The world plans to withdraw peacekeepers from Darfur by the end of this year. Without an alternative in place, this premature departure is a disaster in the making for the millions of Darfuris it will leave behind. While the West weighs the best ways to protect civilians going forward, I and millions of Darfuris were shocked when the so-called “people’s prime minister,” Abdalla Hamdok, did not speak up to keep peacekeeping forces in the country.
Last October, Hamdok secured a yearlong extension for the hybrid United Nations and African Union mission by pointing to legitimate security concerns that continue in Darfur. Those dangers haven’t gone away.

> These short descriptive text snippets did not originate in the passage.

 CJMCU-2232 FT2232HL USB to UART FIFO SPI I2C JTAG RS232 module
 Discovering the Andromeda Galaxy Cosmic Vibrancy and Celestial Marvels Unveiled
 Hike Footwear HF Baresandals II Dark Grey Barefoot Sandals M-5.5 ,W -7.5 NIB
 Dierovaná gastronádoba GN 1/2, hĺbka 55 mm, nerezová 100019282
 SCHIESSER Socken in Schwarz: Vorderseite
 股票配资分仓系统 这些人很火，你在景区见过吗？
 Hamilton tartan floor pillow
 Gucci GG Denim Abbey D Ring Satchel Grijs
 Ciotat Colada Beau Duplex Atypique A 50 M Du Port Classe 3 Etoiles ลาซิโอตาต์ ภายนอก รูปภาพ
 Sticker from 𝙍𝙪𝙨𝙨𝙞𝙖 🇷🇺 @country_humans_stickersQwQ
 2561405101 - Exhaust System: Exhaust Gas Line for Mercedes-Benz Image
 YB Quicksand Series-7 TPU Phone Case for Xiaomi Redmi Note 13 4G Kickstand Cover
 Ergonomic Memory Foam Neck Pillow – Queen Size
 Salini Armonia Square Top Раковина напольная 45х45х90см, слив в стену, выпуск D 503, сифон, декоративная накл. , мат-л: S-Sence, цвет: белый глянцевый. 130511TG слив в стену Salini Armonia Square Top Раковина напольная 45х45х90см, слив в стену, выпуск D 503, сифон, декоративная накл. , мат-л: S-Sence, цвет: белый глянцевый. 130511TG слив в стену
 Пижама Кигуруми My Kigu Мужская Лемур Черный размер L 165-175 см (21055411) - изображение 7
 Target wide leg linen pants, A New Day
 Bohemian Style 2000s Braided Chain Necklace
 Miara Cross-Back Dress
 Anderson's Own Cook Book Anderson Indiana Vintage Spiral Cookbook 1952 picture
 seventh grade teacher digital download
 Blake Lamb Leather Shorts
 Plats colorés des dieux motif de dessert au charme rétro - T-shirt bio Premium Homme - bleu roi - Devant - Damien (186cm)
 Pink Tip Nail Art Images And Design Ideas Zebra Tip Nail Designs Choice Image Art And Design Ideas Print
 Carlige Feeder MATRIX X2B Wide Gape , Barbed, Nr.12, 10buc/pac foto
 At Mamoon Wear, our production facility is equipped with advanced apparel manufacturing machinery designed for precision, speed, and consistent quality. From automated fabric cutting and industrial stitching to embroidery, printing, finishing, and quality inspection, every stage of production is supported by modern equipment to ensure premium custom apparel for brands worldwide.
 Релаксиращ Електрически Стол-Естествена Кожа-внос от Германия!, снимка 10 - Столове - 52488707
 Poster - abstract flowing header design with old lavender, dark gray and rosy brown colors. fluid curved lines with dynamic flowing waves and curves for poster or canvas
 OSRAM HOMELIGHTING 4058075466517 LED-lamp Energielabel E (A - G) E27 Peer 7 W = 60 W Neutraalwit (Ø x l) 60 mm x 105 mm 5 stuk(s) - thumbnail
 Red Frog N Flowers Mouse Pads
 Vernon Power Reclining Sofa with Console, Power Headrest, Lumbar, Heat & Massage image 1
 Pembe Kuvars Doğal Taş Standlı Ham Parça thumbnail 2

Regrettably, now Hamdok has shamelessly recorded a video to justify why he believes Sudan no longer needs foreign protection forces on its soil. In doing so, Prime Minister Hamdok betrayed the very people he vowed he came into power to protect.
For Hamdok, in the comfort of Khartoum, the capital, it may be tempting to rhetorically be seen as a strong, sovereign leader who does not accept international forces in his territory. This approach, however, will sacrifice Darfuri lives for his personal and political pride.
While Darfuris are the first to acknowledge that the performance of the joint peacekeeping mission, called Unamid, has not been adequate, we know that in many instances its presence has preserved our people’s lives. Darfuri women rely on UN peacekeepers to accompany them and deter attacks when they gather firewood. Women are not the only ones who are at risk in a region where the social fabric was rendered by a genocide. Peacekeepers are still needed to escort aid workers on dangerous roads to help secure their deliveries. The escorts guarantee that vaccines are delivered and that food gets to the people who need it most — otherwise, many more lives would have been lost.
Even though waves of popular protests, led by brave young women, brought down the brutal dictator and architect of Darfur’s genocide — Omar al-Bashir — none of those responsible for the horrific crimes against humanity committed in Darfur have been prosecuted. The victims have never received justice. Most worryingly, millions of people who have been displaced still cannot leave the camps where they are sheltering because there is no sign of safety in their old villages.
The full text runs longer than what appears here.